- **EXERCISE AIM**: Quote all of the data exactly as given. Skip every picture it contains.

- **RECORDED INFORMATION**:
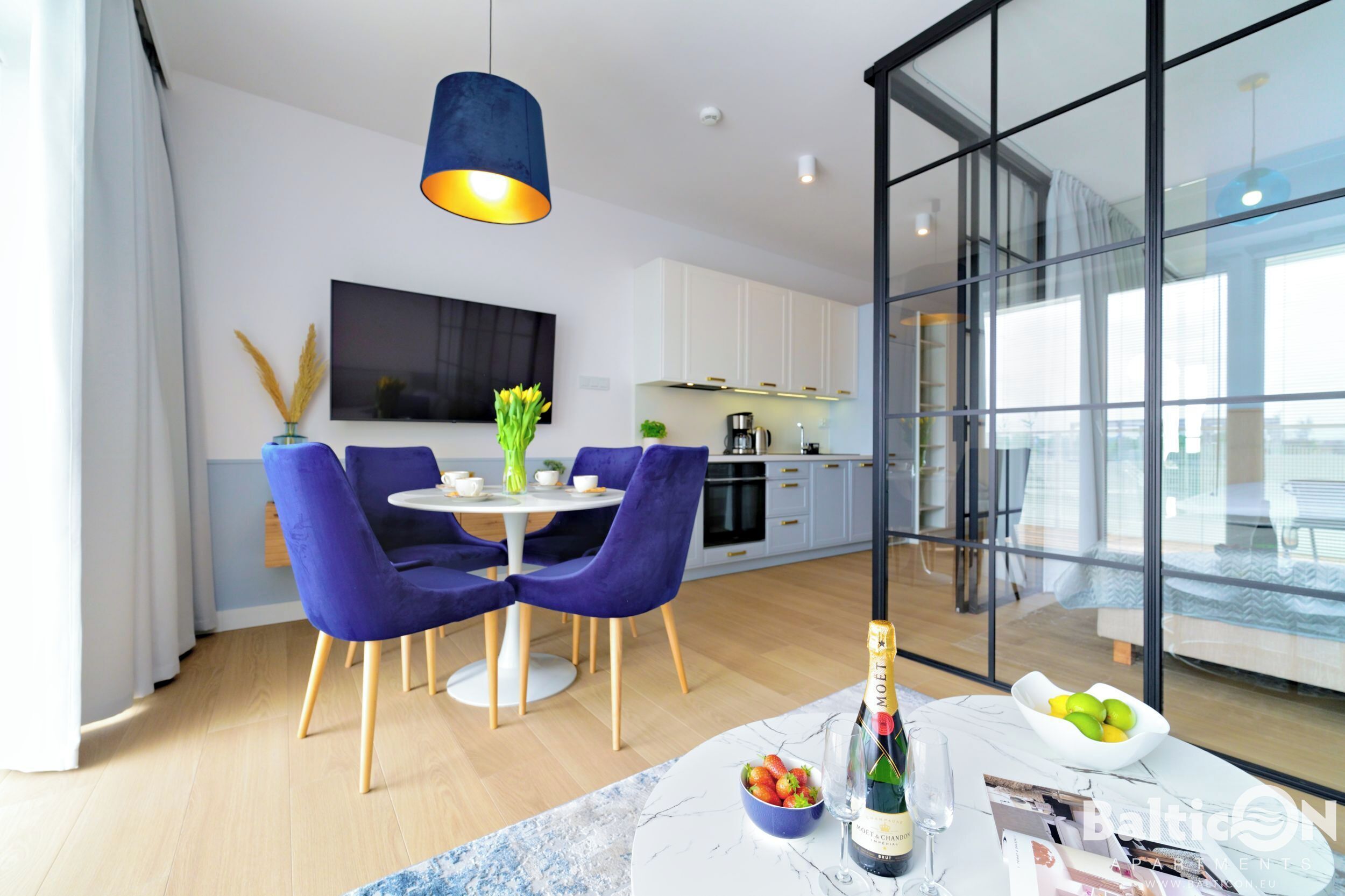A modern dining area with a table, chairs, and a bottle of champagne.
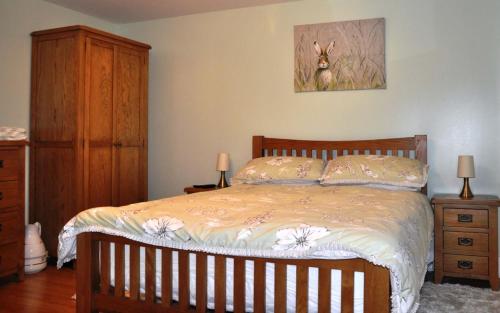a bedroom with a bed and a dresser at Fairy Glen Cottage in Uig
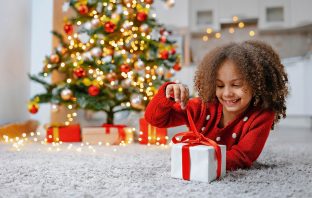 KiDS NEED MoRE HoLiDAY CHEER BUS Celebrates 10th Anniversary with Magic, Joy, and Community Connections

- **EXERCISE SOLUTION**:
A modern dining area with a table, chairs, and a bottle of champagne.
a bedroom with a bed and a dresser at Fairy Glen Cottage in Uig
 KiDS NEED MoRE HoLiDAY CHEER BUS Celebrates 10th Anniversary with Magic, Joy, and Community Connections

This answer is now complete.